The needle cannula is removed from the patient after an appropriate volume of liquid has been withdrawn or after an appropriate dosage of a drug has been administered. Proximal movement of the needle cannula associated with the withdrawal of the needle cannula from the patient permits the safety shield to be driven further in a distal direction by the biasing means. Thus, the distal end of the safety shield will remain in contact with the skin of the patient as the needle is moved proximally relative to the patient. Upon complete removal of the needle cannula from the patient, the biasing means will advance the shield into its full shielding condition around the distal tip of the needle cannula. The safely shielded needle then can be separated from the syringe or needle holder and discarded into an appropriate sharps receptacle. Alternatively, the entire needle assembly and needle holder may be discarded.

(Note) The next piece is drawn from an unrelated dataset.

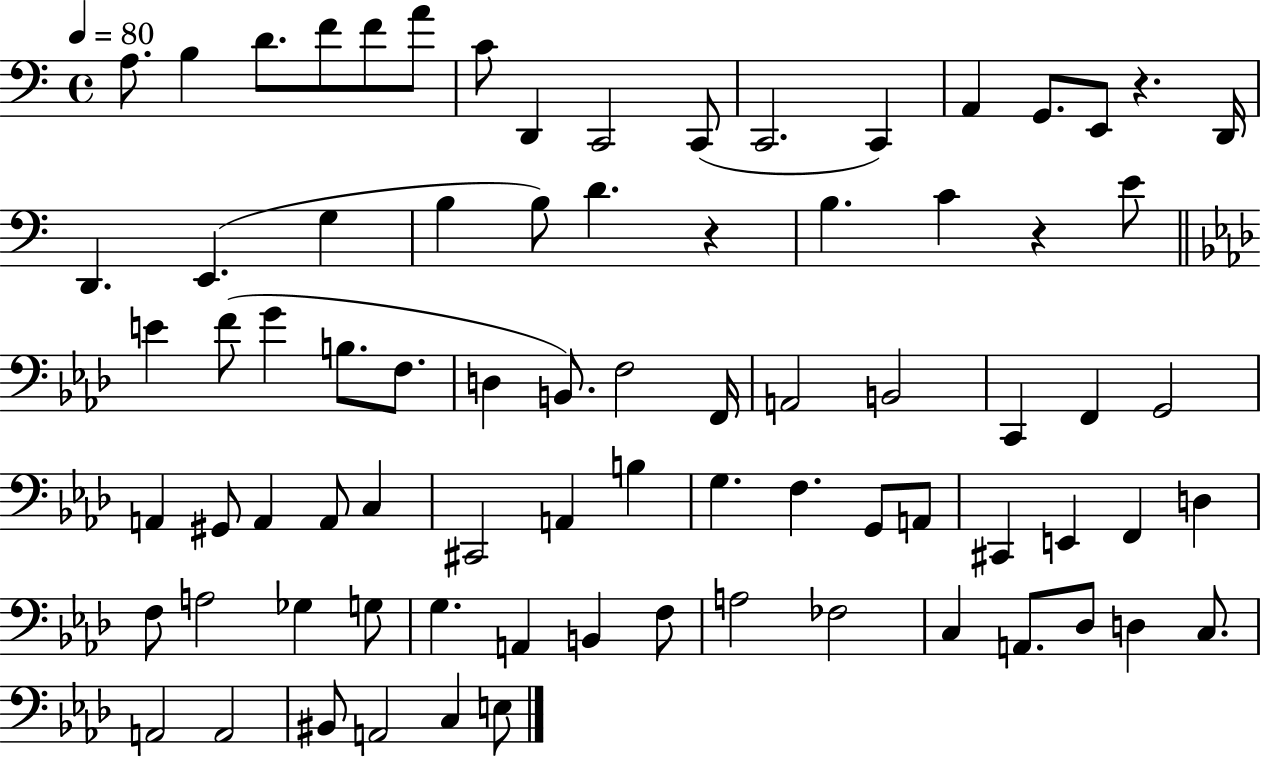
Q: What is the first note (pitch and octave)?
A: A3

The health care facility occasionally is a hectic environment, and fluids near the patient may make medical implements slippery. Thus, the potential exists for the health care worker to drop the needle assembly before use. Inadvertent dropping of the passively activated safety needle will immediately cause the shield to be propelled by the spring into its distal shielding position around the needle cannula. Hence, accidental sticks are avoided even in situations where the unused needle cannula is accidentally dropped.